TASK TO CARRY OUT
Could you transcribe exactly the lines below, from the line with "Блок питания FSP Group ATX-400PNR PRO 400W Блок" through the line with "ovodapedagogiai foglalkozas", and nothing else, leaving out the pictures?

*** RECORDS FOR PROCESSING ***

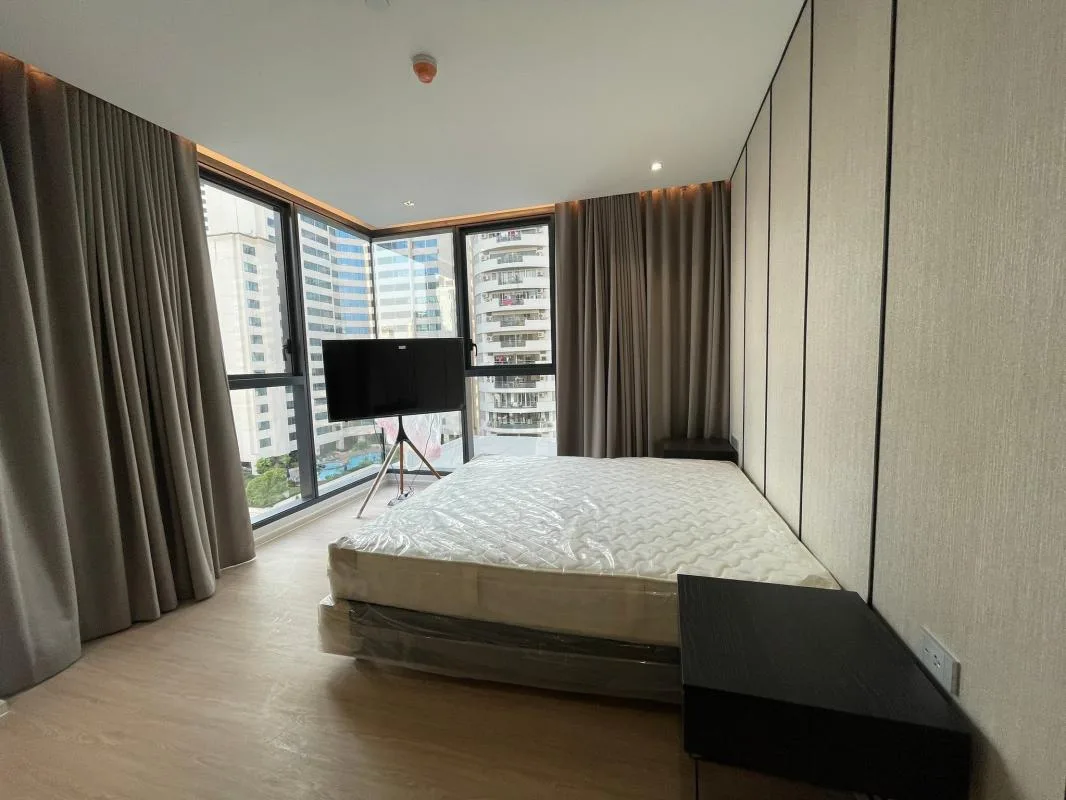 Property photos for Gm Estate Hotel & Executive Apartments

*** End of RECORDS FOR PROCESSING ***
*** RECORDS FOR PROCESSING ***

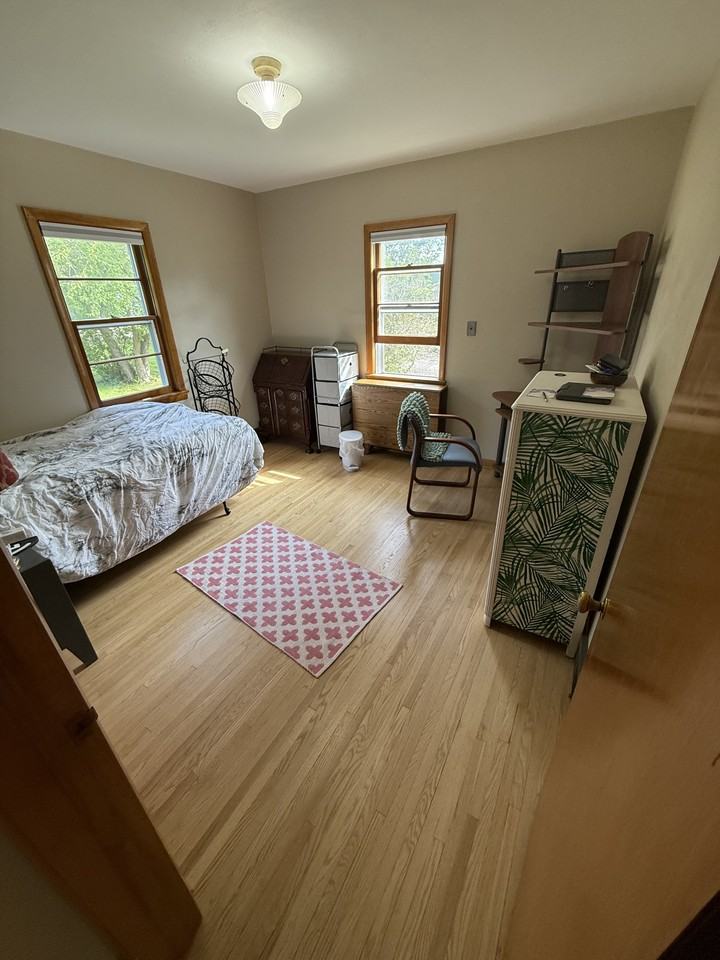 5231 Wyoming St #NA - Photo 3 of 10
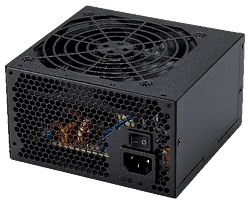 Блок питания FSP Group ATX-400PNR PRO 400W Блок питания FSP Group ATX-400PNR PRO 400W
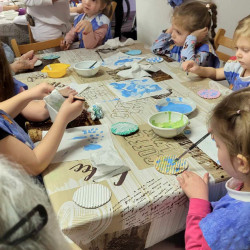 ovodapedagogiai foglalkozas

*** End of RECORDS FOR PROCESSING ***

SOLVED PROBLEM
 Блок питания FSP Group ATX-400PNR PRO 400W Блок питания FSP Group ATX-400PNR PRO 400W
 ovodapedagogiai foglalkozas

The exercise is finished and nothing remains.